The 20th century opened with Europe at an apex of wealth and power, and with much of the world under its direct colonial control or its indirect domination. Much of the rest of the world was influenced by heavily Europeanized nations: the United States and Japan. As the century unfolded, however, the global system dominated by rival powers was subjected to severe strains, and ultimately seemed to yield to a more fluid structure of independent nations organized on Western models.
This transformation was catalyzed by wars of unparalleled scope and devastation. World War I destroyed many of Europe’s empires and monarchies, and weakened Britain and France. In its aftermath, powerful ideologies arose. The Russian Revolution of 1917 created the first communist state, while the 1920s and 1930s saw militaristic fascist dictatorships gain control in Italy, Germany, Spain and elsewhere.

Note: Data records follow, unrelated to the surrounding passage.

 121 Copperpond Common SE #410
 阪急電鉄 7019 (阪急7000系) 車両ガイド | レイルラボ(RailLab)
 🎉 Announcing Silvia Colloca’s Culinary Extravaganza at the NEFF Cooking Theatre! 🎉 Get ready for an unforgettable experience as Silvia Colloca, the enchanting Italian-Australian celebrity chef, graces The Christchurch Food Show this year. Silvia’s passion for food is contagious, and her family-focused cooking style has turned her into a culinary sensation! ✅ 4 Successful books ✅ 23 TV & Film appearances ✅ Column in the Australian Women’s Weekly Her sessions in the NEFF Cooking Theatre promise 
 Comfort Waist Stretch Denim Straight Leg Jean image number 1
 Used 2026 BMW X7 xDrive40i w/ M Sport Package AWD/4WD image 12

Ongoing national rivalries, exacerbated by the economic turmoil of the Great Depression, helped precipitate World War II. The militaristic dictatorships of Europe and Japan pursued an ultimately doomed course of imperialist expansionism. Their defeat opened the way for the advance of Socialism and Communism into Central Europe, Yugoslavia, Bulgaria, Romania, Albania, China, North Vietnam and North Korea.

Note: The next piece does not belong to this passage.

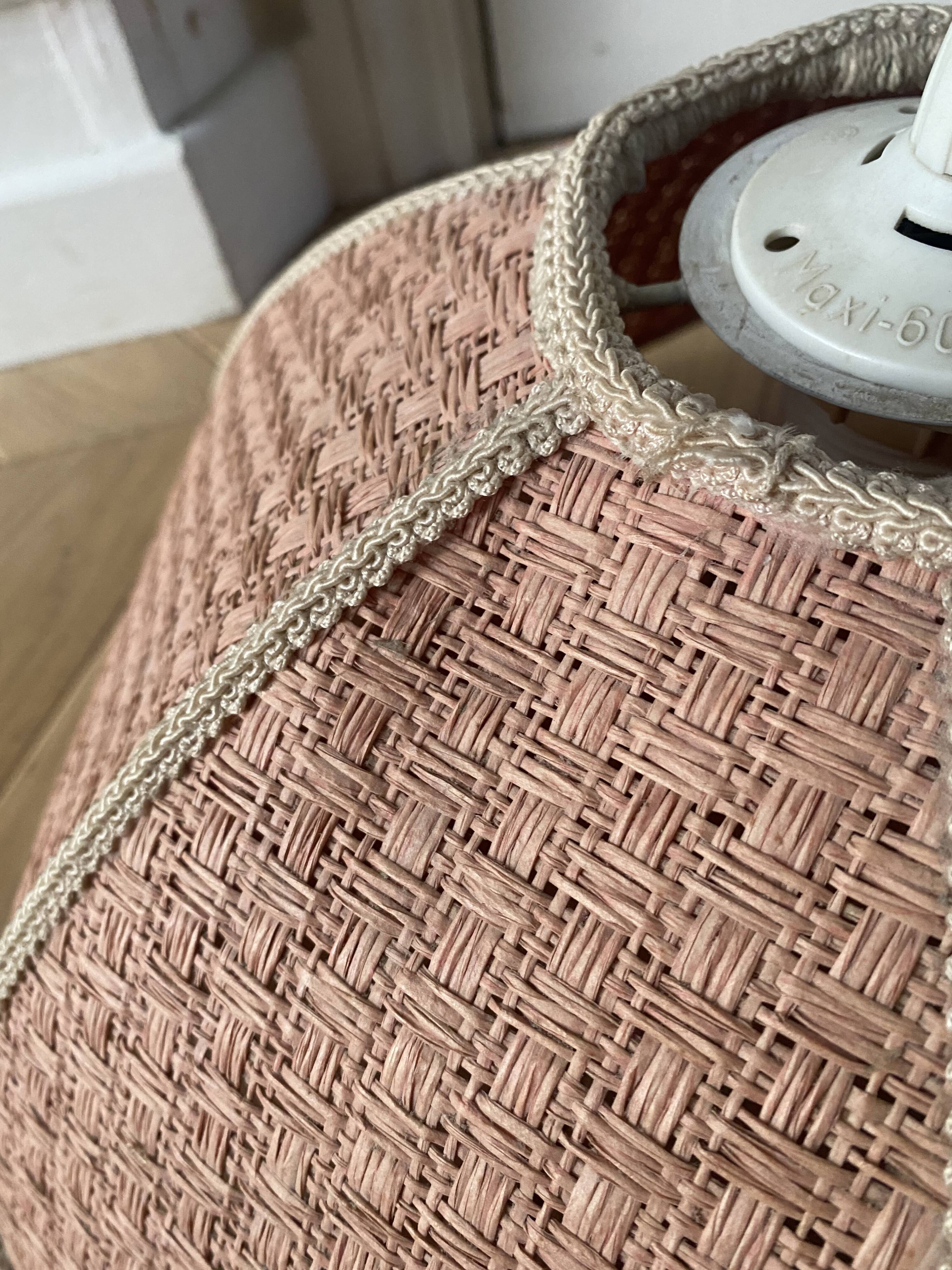 Flower suspension in pink canning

After World War II ended in 1945, the United Nations was founded in the hope of allaying conflicts among nations and preventing future wars. The Soviet Union, the United States, the United Kingdom and China were recognized as the Allied “Big Four” during the war and considered as the primary victors of World War II. With the addition of France, these five countries became the permanent seats in the United Nations Security Council. The war had, however, left two nations, the United States and the Soviet Union, with principal power to guide international affairs. Each was suspicious of the other and feared a global spread of the other’s political-economic model. This led to the Cold War, a forty-five-year stand-off between the United States, the Soviet Union, and their respective allies. With the development of nuclear weapons and the subsequent arms race, all of humanity were put at risk of nuclear war between the two superpowers. Such war being viewed as impractical, proxy wars were instead waged, at the expense of non-nuclear-armed Third World countries.

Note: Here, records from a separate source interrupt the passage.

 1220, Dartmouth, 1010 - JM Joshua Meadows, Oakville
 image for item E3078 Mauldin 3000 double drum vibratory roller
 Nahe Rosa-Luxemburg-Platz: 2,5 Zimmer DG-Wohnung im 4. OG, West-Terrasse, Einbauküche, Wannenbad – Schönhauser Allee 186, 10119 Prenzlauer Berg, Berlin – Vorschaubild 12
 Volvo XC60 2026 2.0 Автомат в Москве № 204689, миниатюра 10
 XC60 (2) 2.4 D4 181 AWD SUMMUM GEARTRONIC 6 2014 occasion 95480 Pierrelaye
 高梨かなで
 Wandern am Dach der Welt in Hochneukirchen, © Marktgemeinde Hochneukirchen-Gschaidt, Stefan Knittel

The Cold War lasted to the 1990s, when the Soviet Union’s communist system began to collapse, unable to compete economically with the United States and western Europe; the Soviets’ Central European”satellites” reasserted their national sovereignty, and in 1991 the Soviet Union itself disintegrated.The United States for the time being was left as the “sole remaining superpower”. After the 1970s, the United States’ superpower status came into question as that country’s economic supremacy began to show signs of slippage.